• **Goal of the exercise**:
Both ends included, set down the lines from the line containing "dây gia nhiệt" through the last line of the records below, without pictures.

(Records from a dataset)
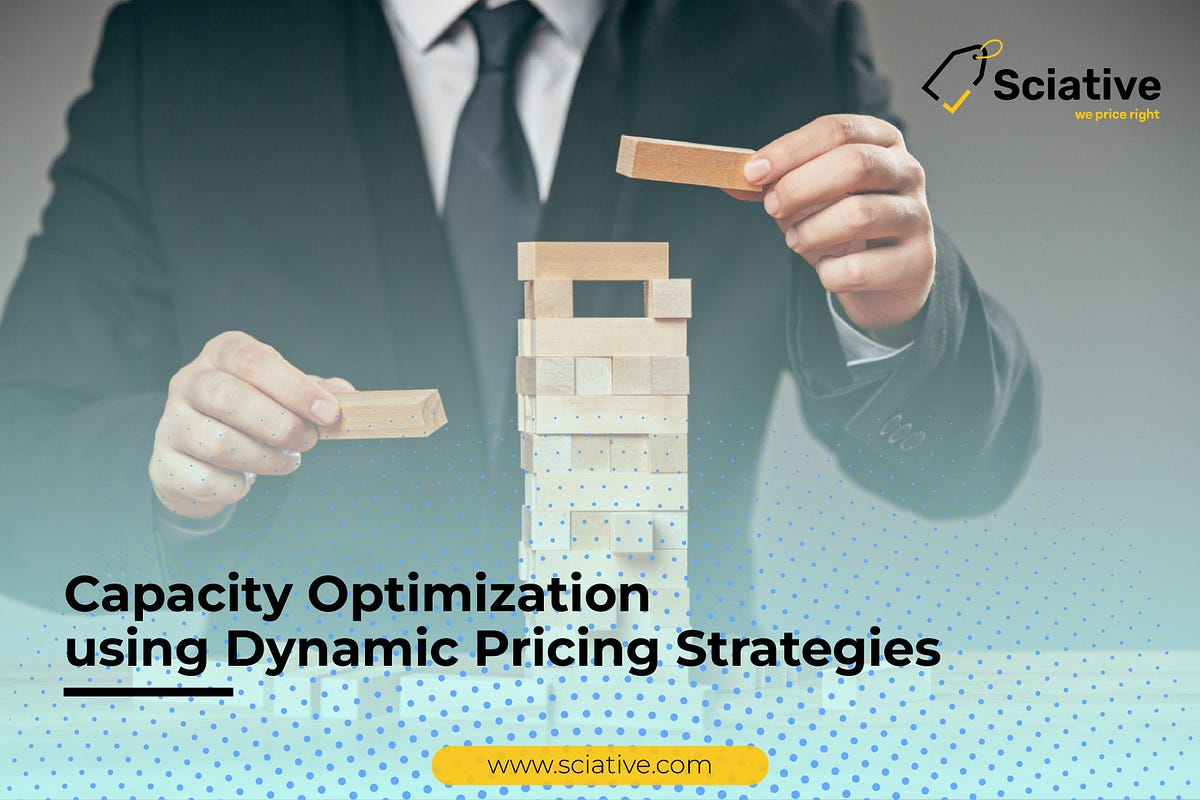 Capacity Optimization using Dynamic Pricing Strategies by Pricing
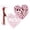 C, variant on Xoxingysm Wooden Festive Wedding Supplies Valentines Day Heart Hollow Love Decoration, 10 Pieces Per Pack of Wooden Pendants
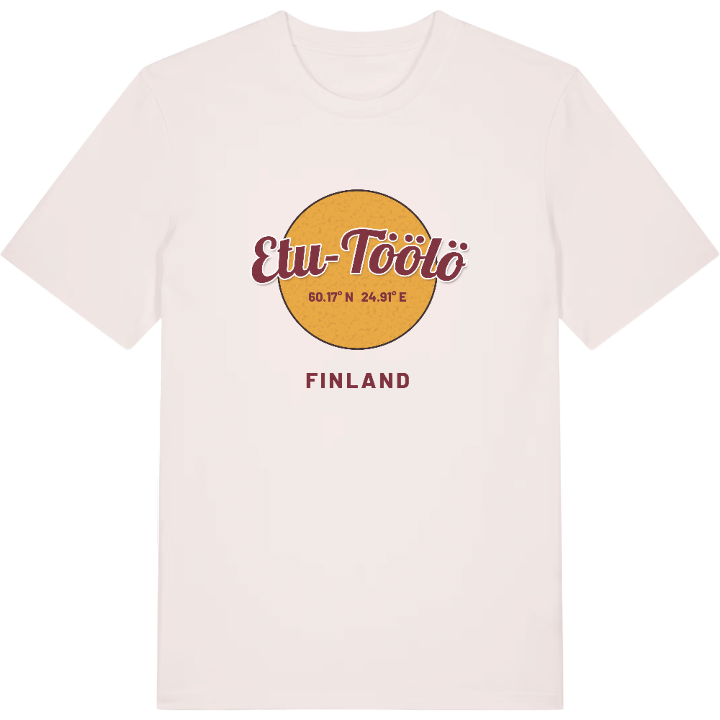 Etu-Töölö cirkel t-shirt – t-shirt från PinShirt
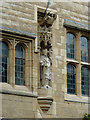 Statue of Archbishop Colton in Cambridge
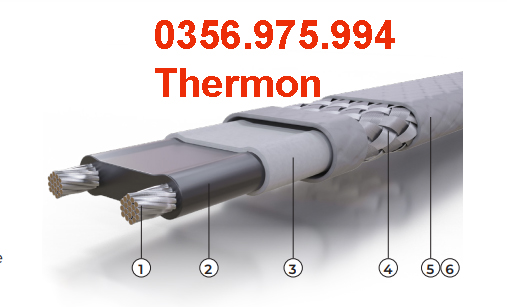 dây gia nhiệt Thermon, HTsx 20-2, Ksx 15-2, Bsx 10-2 , Self Regulating Heating Cable, Electric heat tracing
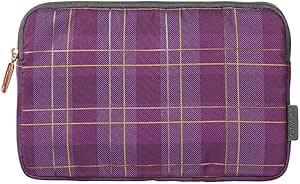 Kokuyo KME-LFPH201DV Flat Pouch, Size Checker, Purple - NihonMura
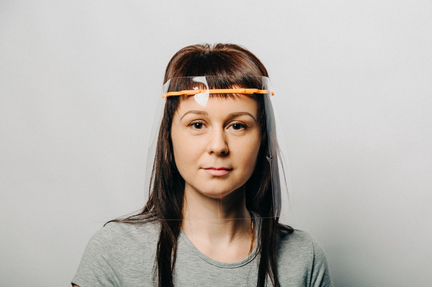 Экран для лица защитный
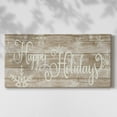 thumbnail image 2 of Happy Holidays- Gallery Wrapped Canvas, 2 of 9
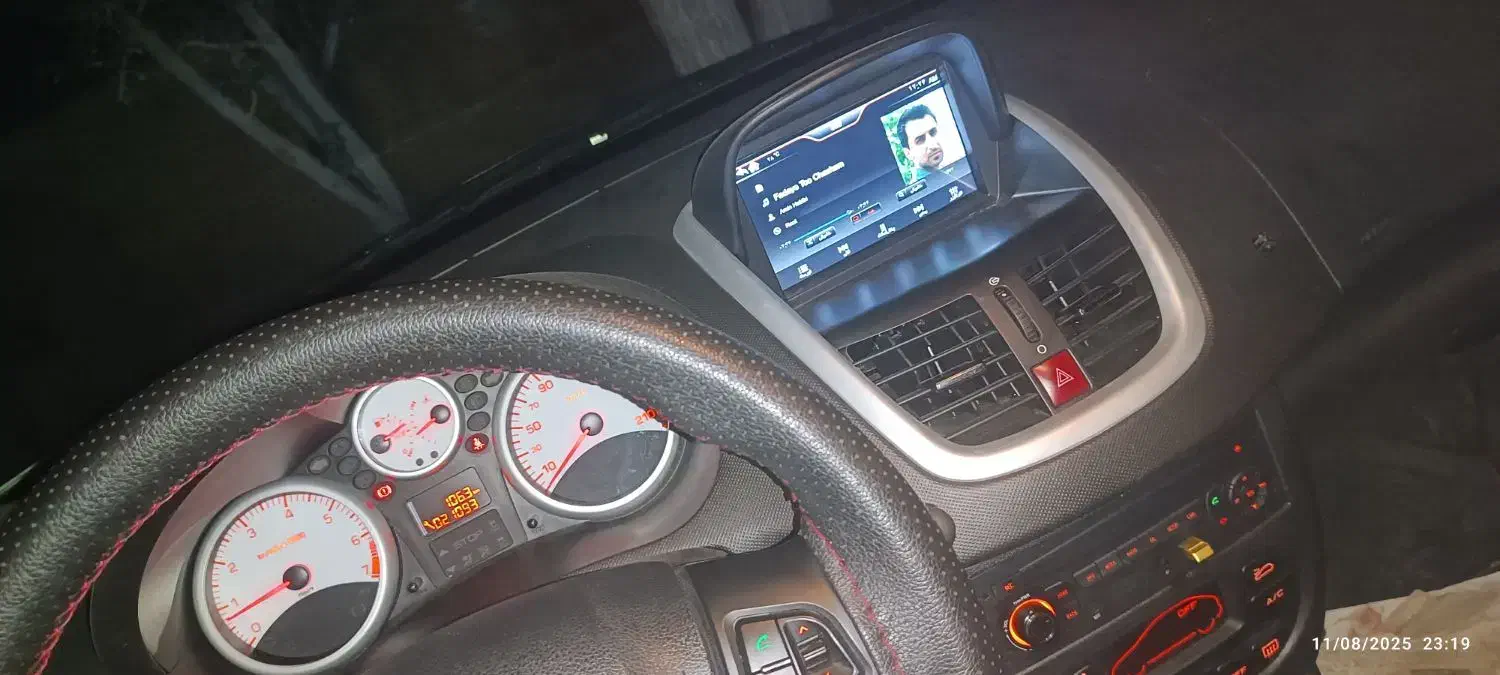 پژو 207 دنده‌ای TU3 - 1403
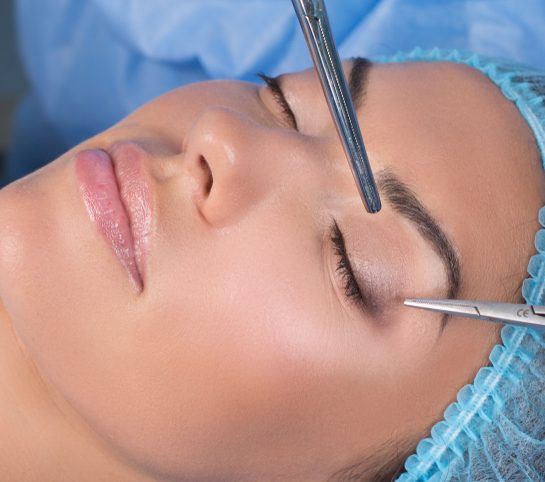 preparação de pálpebra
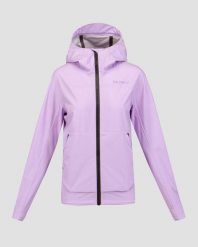 Kurtka damska Dolomite Cristallo Hooded 3L. Fioletowe kurtki damskie Dolomite, l, bez wzorów, z dzianiny, bez kaptura. Za 620.95 zł.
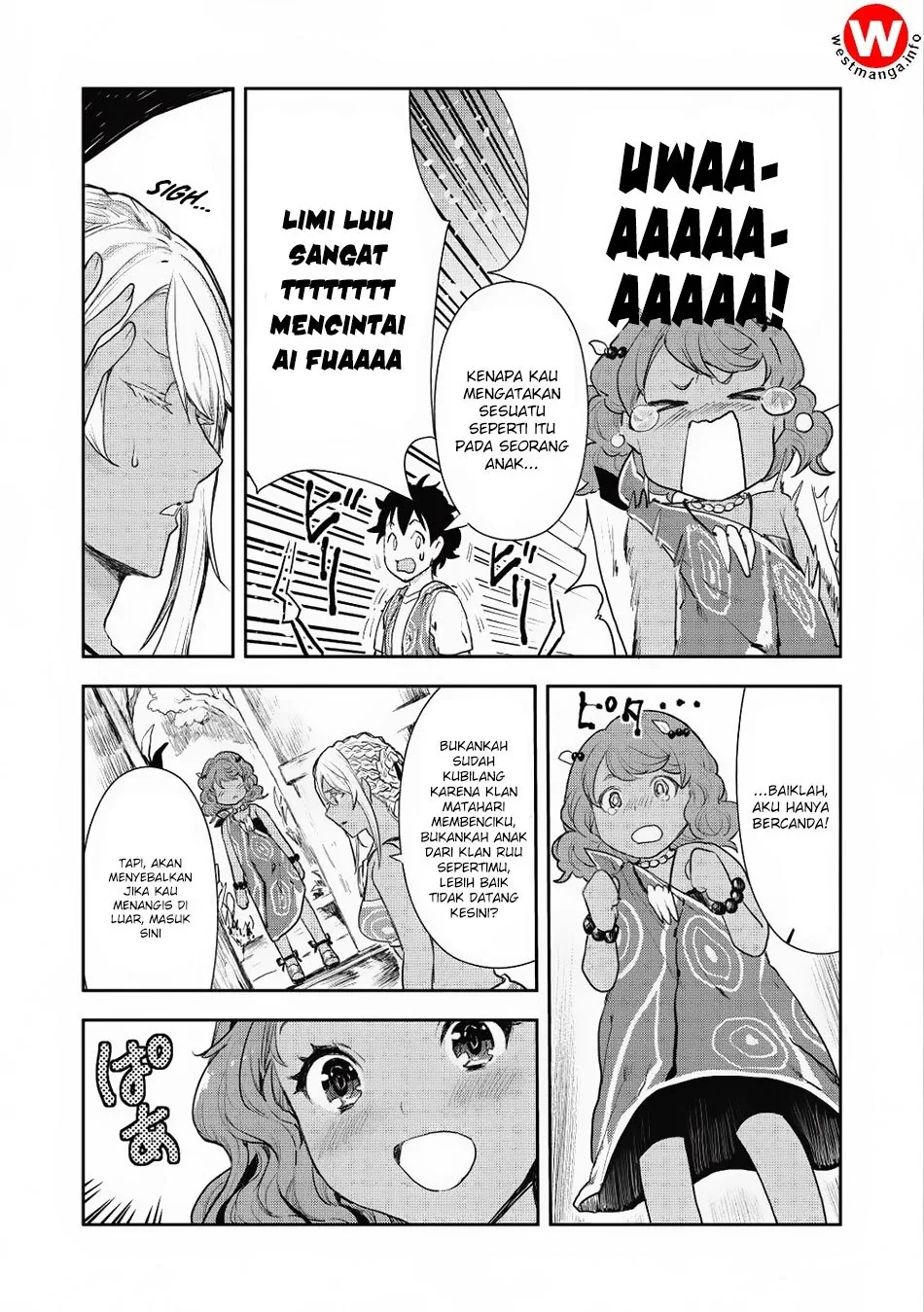 Halaman 23 — Isekai Ryouridou Chapter 5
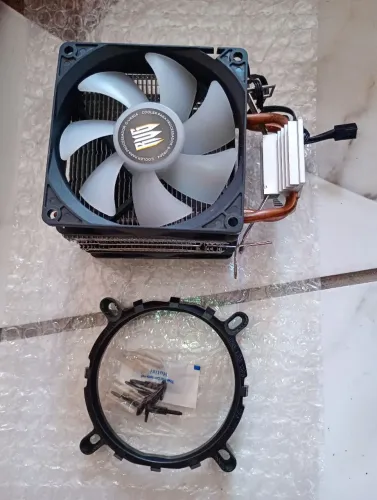 Cpu fan dual cooler RGB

• **Answer box**:
 dây gia nhiệt Thermon, HTsx 20-2, Ksx 15-2, Bsx 10-2 , Self Regulating Heating Cable, Electric heat tracing
 Kokuyo KME-LFPH201DV Flat Pouch, Size Checker, Purple - NihonMura
 Экран для лица защитный
 thumbnail image 2 of Happy Holidays- Gallery Wrapped Canvas, 2 of 9
 پژو 207 دنده‌ای TU3 - 1403
 preparação de pálpebra
 Kurtka damska Dolomite Cristallo Hooded 3L. Fioletowe kurtki damskie Dolomite, l, bez wzorów, z dzianiny, bez kaptura. Za 620.95 zł.
 Halaman 23 — Isekai Ryouridou Chapter 5
 Cpu fan dual cooler RGB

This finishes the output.